High Times, la revue cannabique de référence

Nous souhaitons revenir aujourd’hui sur un véritable pilier de la culture cannabique, le magazine nord-américain High Times magazine. Vous aurez déjà sûrement entendu parler de ce magazine né dans les années 70 aux États-Unis. Le succès fulgurant de cette publication a fait évoluer la vision de la consommation du cannabis de la part du grand public, en normalisant la vision de cette plante et en associant de nombreuses personnalités avec la consommation de cannabis.

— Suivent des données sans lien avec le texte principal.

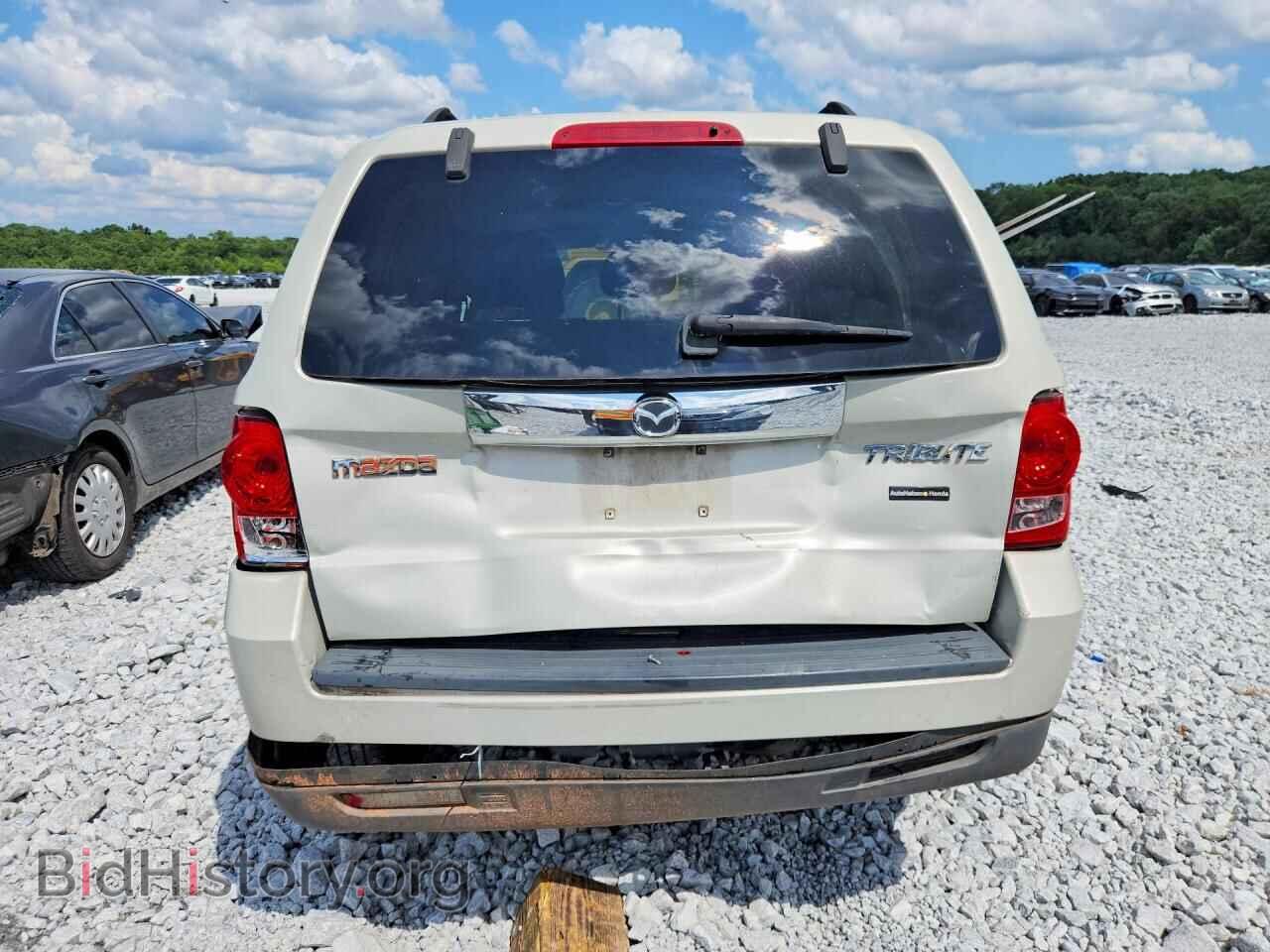 2008 MAZDA TRIBUTE - VIN: 4F2CZ06158KM28696 - Photo 6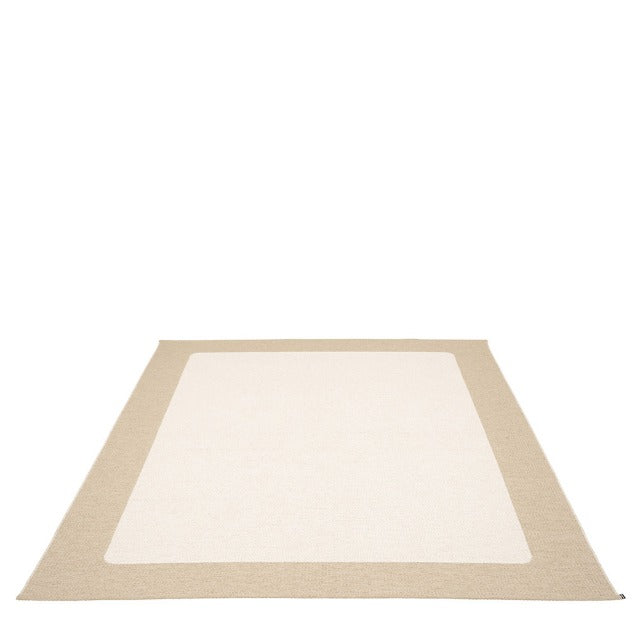 Pappelina Rug Ilda Beige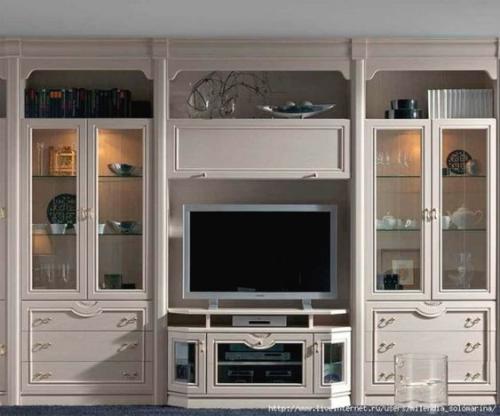 Что можно сделать со старой полированной мебелью? 01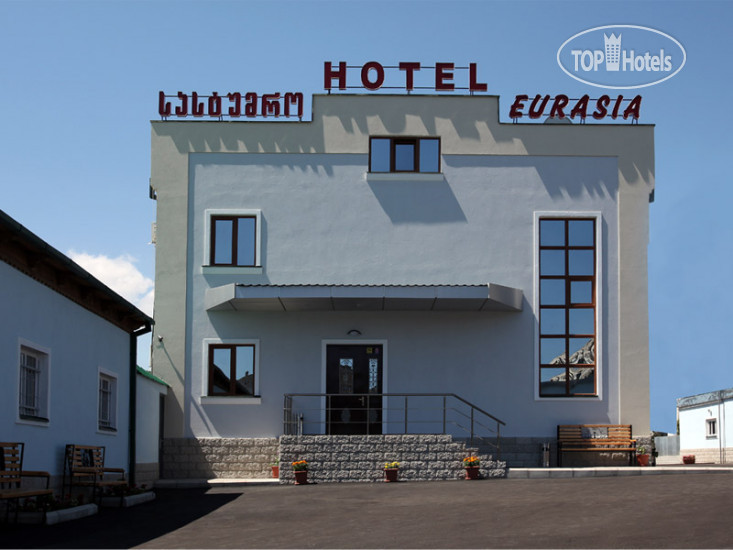 Фото Eurasia Hotel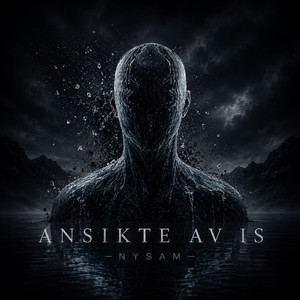 Ansikte av is by NYSAM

En 1970, les lecteurs du récent magazine High Time peuvent admirer les belles photos de plantes de cannabis en double page tout en rêvant de voir le cannabis légalisé et accepté par la société. À cette époque tout cela semblait bien utopique et difficilement réalisable dans une société encore très mal informées sur le cannabis.

Aujourd’hui en 2021 et après plus de 60 d’existence pour le magazine High Times, les choses ont bien évoluées, mais l’esprit du magazine reste le même, retour sur le magazine cannabique de référence pour plusieurs générations d’amateurs de cannabis.

Historique du magazine High Times

Le célèbre magazine est fondé en 1974 par Tom Forçade. Afin de mieux comprendre la ligne éditoriale du magazine High Times il est important de mieux connaître l’histoire de son fondateur. Tom Forçade est un journaliste, mais surtout un activiste politique – un des premiers à utiliser le lancer de tarte comme forme de protestation, notamment lors d’une audience où il entarte un membre de la Commission sur l’obscénité et la pornographie.

Tom Forçade
Thomas King Forçade - Fondateur de High Times (source: Facebook)

Tom Forçade est alors également un trafiquant de cannabis. Il utilise l’expérience de pilote qu’il a put apprendre durant ces quelques mois de service avec l’United States Air Force pour transporter de l’herbe du Mexique et de Colombie vers les États-Unis.

Il s’installe au début des années 70 à New-York où il fonde, grâce à l’argent de ses trafiques, un magazine qui se veut alternatif et politique, promouvant la consommation de cannabis et d’autres substances psychédéliques et psychoactives, tout en parlant de culture et notamment de littérature et de musique. Le rédacteur fondateur du magazine Ed Dwyer est d’ailleurs le rédacteur du texte du célèbre festival de musique Woodstock.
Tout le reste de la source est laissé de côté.